Economicamente, se si vuole fare il bene dei fratelli non bisogna corromperli con doni. L’aiuto reca, insieme con un vantaggio momentaneo, un danno permanente. Vi è qualche vantaggio politico o militare il quale controbilanci il danno economico? Qui l’economista si ritira e lascia la parola ai politici ed ai tecnici militari. Può darsi che in certi casi sia necessario produrre in Italia a più alto costo cose che si potrebbero comprare all’estero a migliori condizioni. Fucili, cannoni, munizioni, spesso si trovano in questa categoria. Altri prodotti, per ragioni particolari, in dati momenti possono entrare nel novero. Fa d’uopo allora aiutare il fratello nostro pagandogli 150 ciò che potremmo acquistare all’estero a 100.
L’economista osserva soltanto: sia ben chiara la ragione politica o militare del cattivo affare economico.
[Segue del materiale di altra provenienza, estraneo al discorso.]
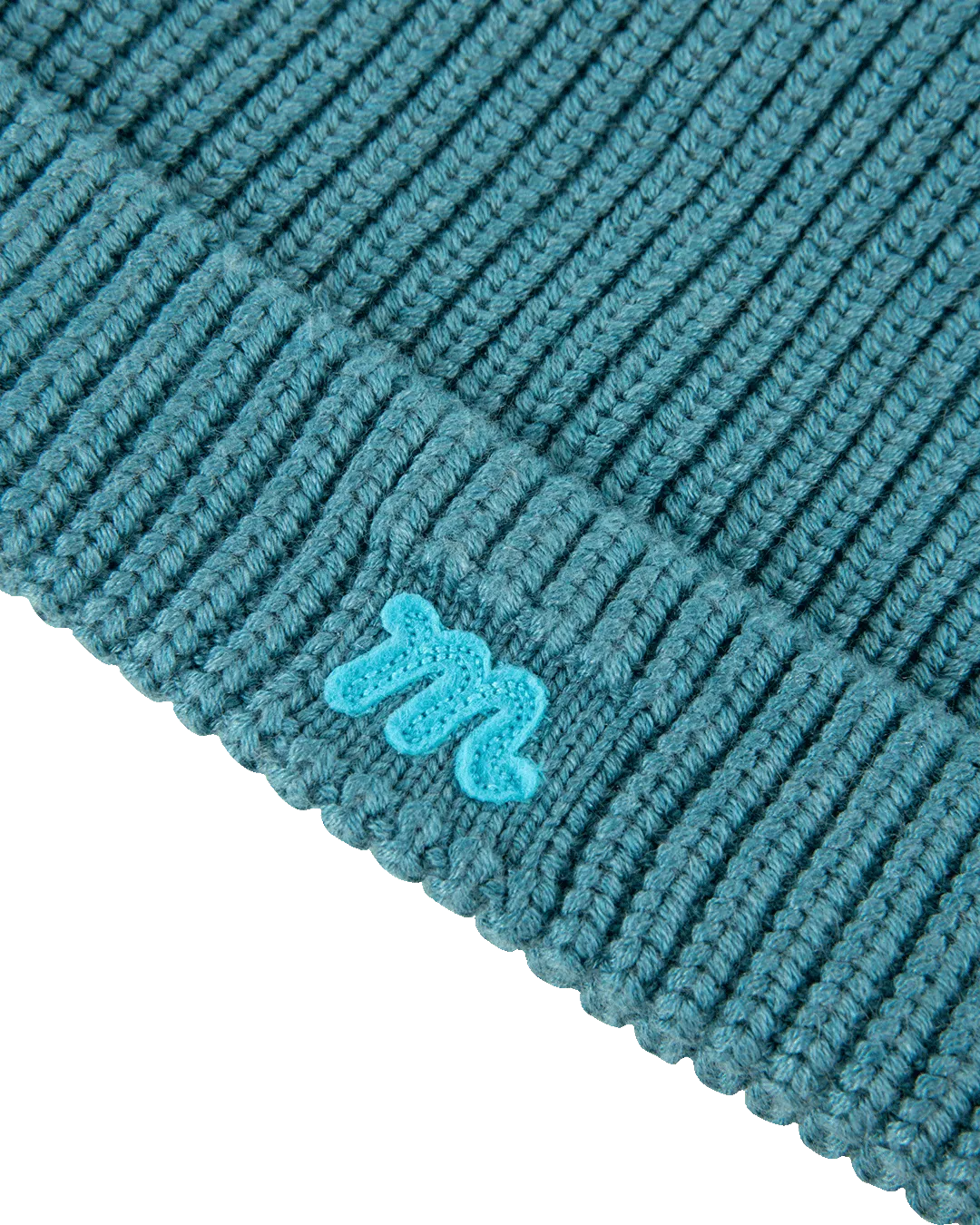 Seablue Stitch Beanie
Dinanzi alla salvezza del paese non si discute. Nonché 150, pagheremo anche 500 o 1000 il prodotto, se per essere sicuri di averlo nel momento del bisogno, fosse necessario produrlo nel paese. Ma sia chiaro che, così operando, subiamo un sacrificio. Non si intorbidi l’esatta visione del problema, tentando di farci credere che, pagando 150, noi aiutiamo la industria nazionale o facciamo cosa economicamente giovevole. Quando si adoperano questi argomenti cattivi nasce il dubbio che non sia fondata neppure la ragione politica o militare. Noi non arrechiamo vantaggio all’economia nazionale; anzi, consapevolmente impieghiamo male, ad alti costi e con scarsi rendimenti, il capitale ed il lavoro paesani. Lo facciamo perché così comanda un interesse o una necessità di difesa politica o militare; ma non giova nascondere la verità del fatto tentando di far credere ad inesistenti vantaggi morali ed economici della nostra azione. Chi vuol nascondere così la verità probabilmente vuole anche difendere una cattiva politica o procacciarle consenso facendo credere che essa costa poco od è redditizia. Noi non vogliamo saperne di questa politica volgare. Noi sappiamo che la politica buona, che procaccia benessere e potenza al paese, difficilmente costa poco,ancor più difficilmente è redditizia fin dal primo momento. Sappiamo chele cose grandi non si compiono senza sacrificio. Vogliamo sapere quale è il sacrificio per valutare esattamente le nostre forze e mirare a mete le quali siano commisurate alle nostre forze.